El corazón de James palpitaba mientras se quedaba sentado y pensaba furiosamente. ¿A quién contárselo? Zane y Ralph, por supuesto. A ellos se les podría haber ocurrido ya. ¿A su padre? James decidió que no podía. Aún no, al menos. James era lo bastante mayor como para saber que la mayoría de los adultos no creerían semejante historia de un crío, incluso si el crío proporcionaba fotos que lo probaran.
James no sabía exactamente qué podía hacer para detener un complot así, pero sabía lo que tenía que hacer a continuación. Tenía que averiguar quién era el Slytherin que había cogido el Game Deck de Ralph. Tenía que encontrar al Slytherin que había utilizado el nombre de Austramaddux.
Con eso en mente, James salió corriendo del invernadero tan pronto como la clase terminó, olvidándose por completo de que esa tarde era la tarde en que su padre, Harry Potter, llegaba para su reunión con los americanos.

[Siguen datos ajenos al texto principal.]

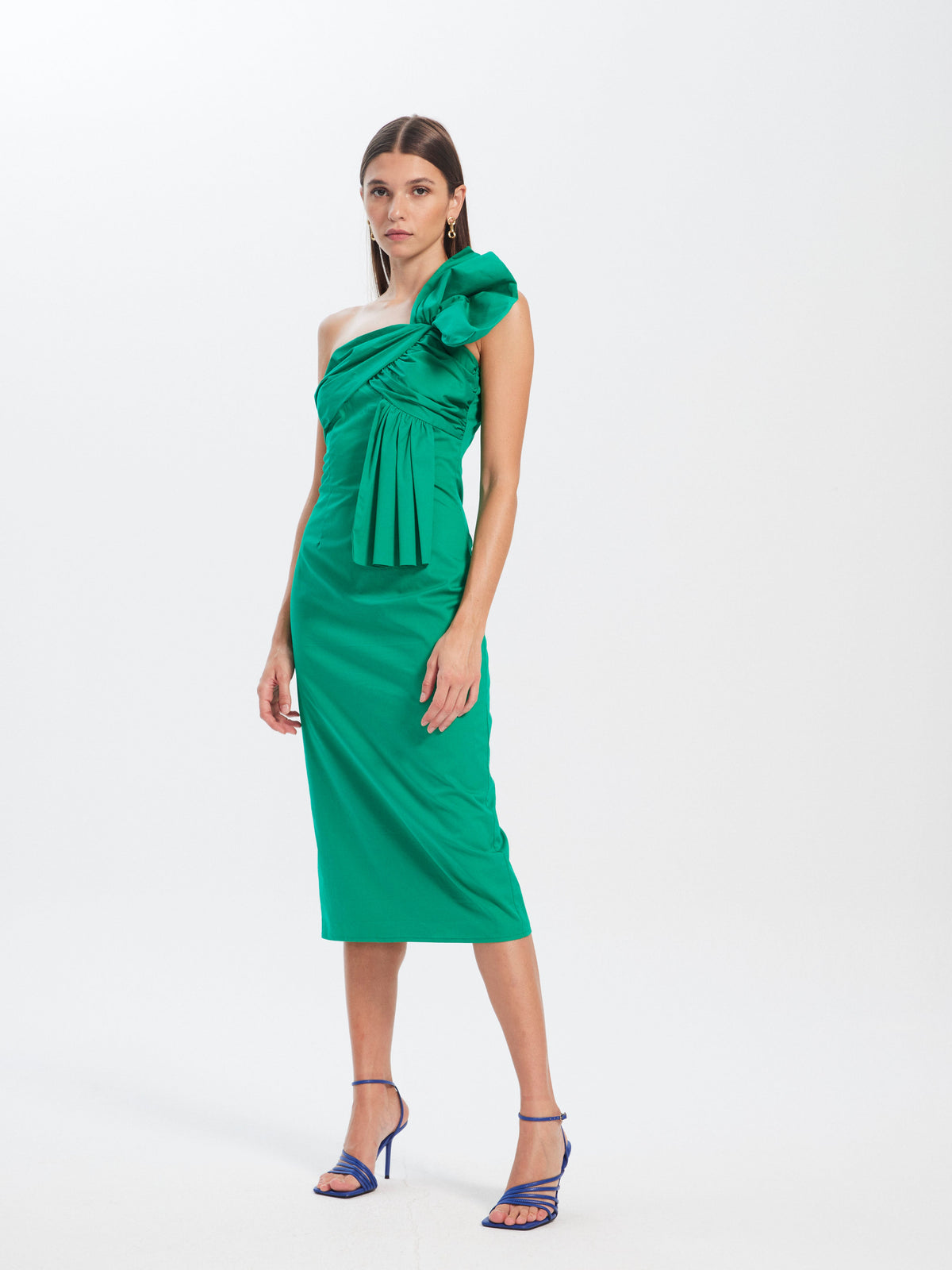 mioh | TERESA GREEN - Vestido largo midi invitada boda, fiesta y evento. Vestido midi de fiesta en popelín verde, con escote lazo para ser la invitada de boda perfecta esta temporada Primavera Verano 2023. Los vestidos con volúmenes estructurados en algodón y popelín son pura tendencia SS23. Para invitadas sencillas pero elegantes. MIOH marca española de vestidos de invitada de boda y fiesta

Mientras corría por los terrenos, comenzó a ser consciente del ruido de una multitud. Desaceleró, escuchando. Gritos y cánticos mezclados con el balbuceo de voces roncas y excitadas. Cuando giró la esquina del patio, el ruido se hizo mucho más fuerte. Una multitud de estudiantes rondaban por el patio, reuniéndose llegados de todas direcciones, incluso mientras James observaba. La mayoría eran simplemente curiosos que venían a ver de qué iba la conmoción, pero había un grupo muy activo en el centro, marchando, cantando eslóganes, algunos sujetando grandes pancartas pintadas a mano y estandartes. James vio uno de los estandartes cuando se aproximaba al gentío, y su corazón se hundió. «Fin al Fascismo de los Aurores del Ministerio». Otra pancarta ondeaba y señalaba hacia el cielo: ¡Di la VERDAD Harry Potter!
James rodeó al grupo, intentando pasar inadvertido. Cerca de los escalones del vestíbulo principal, Tabitha Corsica estaba siendo entrevistada por una mujer con unas gafas púrpura en forma de ojos de gato y una expresión excesivamente atenta. Con creciente intranquilidad, James la reconoció como Rita Skeeter, reportera de El Profeta, y una de las personas menos favoritas de su padre.
Cuando pasó a su lado, Tabitha le miró de reojo e hizo un ligero encogimiento de hombros y le dirigió una sonrisa, como si dijera lo siento, pero son tiempos difíciles y todos hacemos lo que tenemos que hacer.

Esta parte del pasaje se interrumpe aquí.